### DATA PROVIDED
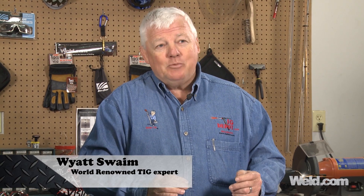Hey, welcome back to Well.com, home of Tig Time. Hi, I'm Mr. Tig, and I received an email from Kathy.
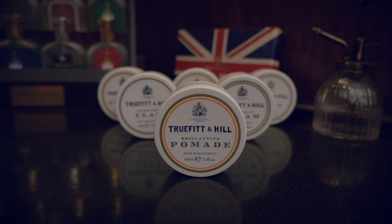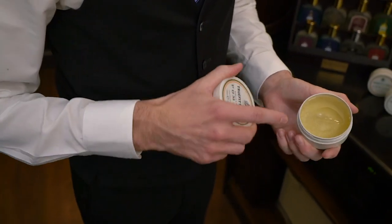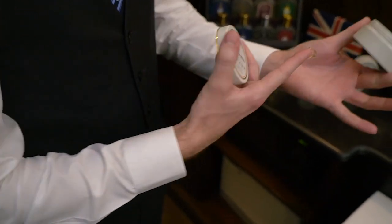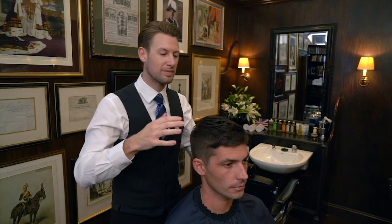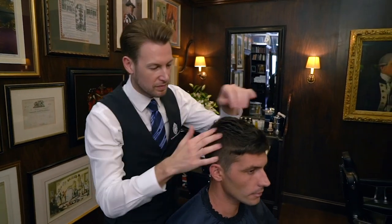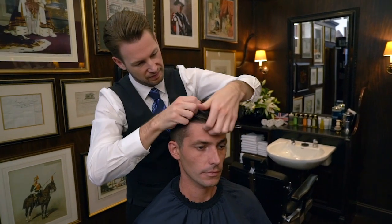Brilliantine Pomade. This product is enhanced with purifying natural oils and plant extracts to provide a strong hold with a shiny, polished, and healthy looking finish. Apply a small amount to your fingertips and distribute evenly throughout the hair to provide a sheen finish with strong hold.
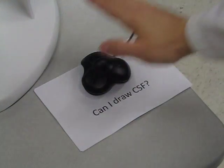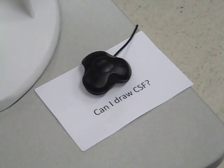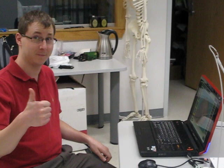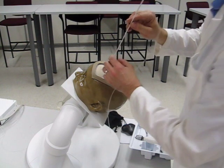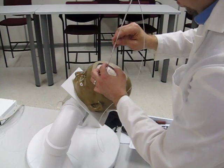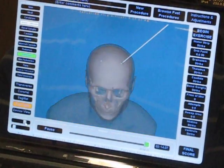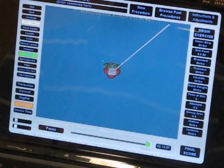Press the button that says 'Do I get CSF?' and the simulation will let you know if you can or cannot draw CSF. If you can, you are done. If not, you may remove the catheter completely and try again. When you are finished, we can perform an after action review and see your procedure from a perspective inside the brain.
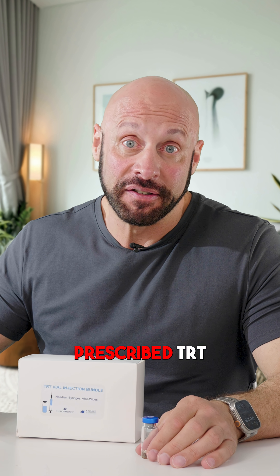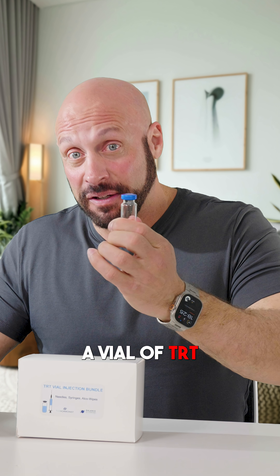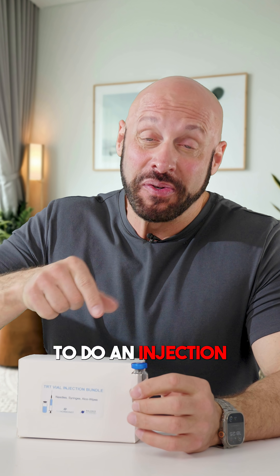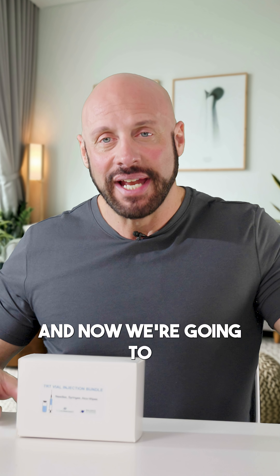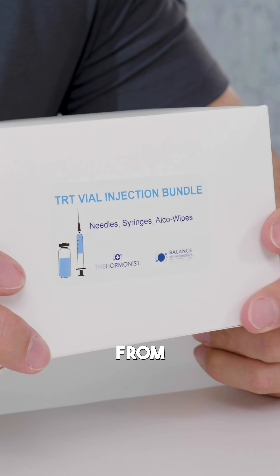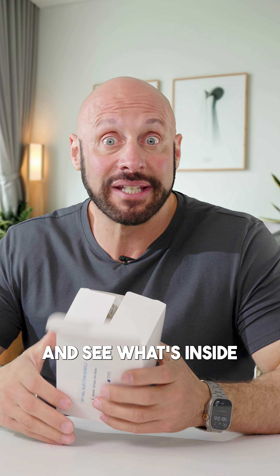So you've been prescribed TRT and you've been prescribed a vial of TRT. This is a vial, and you might want to know what you need to be able to do an injection if you've been prescribed a vial of testosterone. Now we're going to look at the pre-injection bundle or the injection bundle that you get from Balance My Hormones. So let's open up and see what's inside.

### WORK INSTRUCTION
Set out exactly, and only, the lines between the first line of the listing and the line containing "Press the button", counting both, while leaving every picture out.

### WRITTEN RESPONSE
Hey, welcome back to Well.com, home of Tig Time. Hi, I'm Mr. Tig, and I received an email from Kathy.
Brilliantine Pomade. This product is enhanced with purifying natural oils and plant extracts to provide a strong hold with a shiny, polished, and healthy looking finish. Apply a small amount to your fingertips and distribute evenly throughout the hair to provide a sheen finish with strong hold.
Press the button that says 'Do I get CSF?' and the simulation will let you know if you can or cannot draw CSF. If you can, you are done. If not, you may remove the catheter completely and try again. When you are finished, we can perform an after action review and see your procedure from a perspective inside the brain.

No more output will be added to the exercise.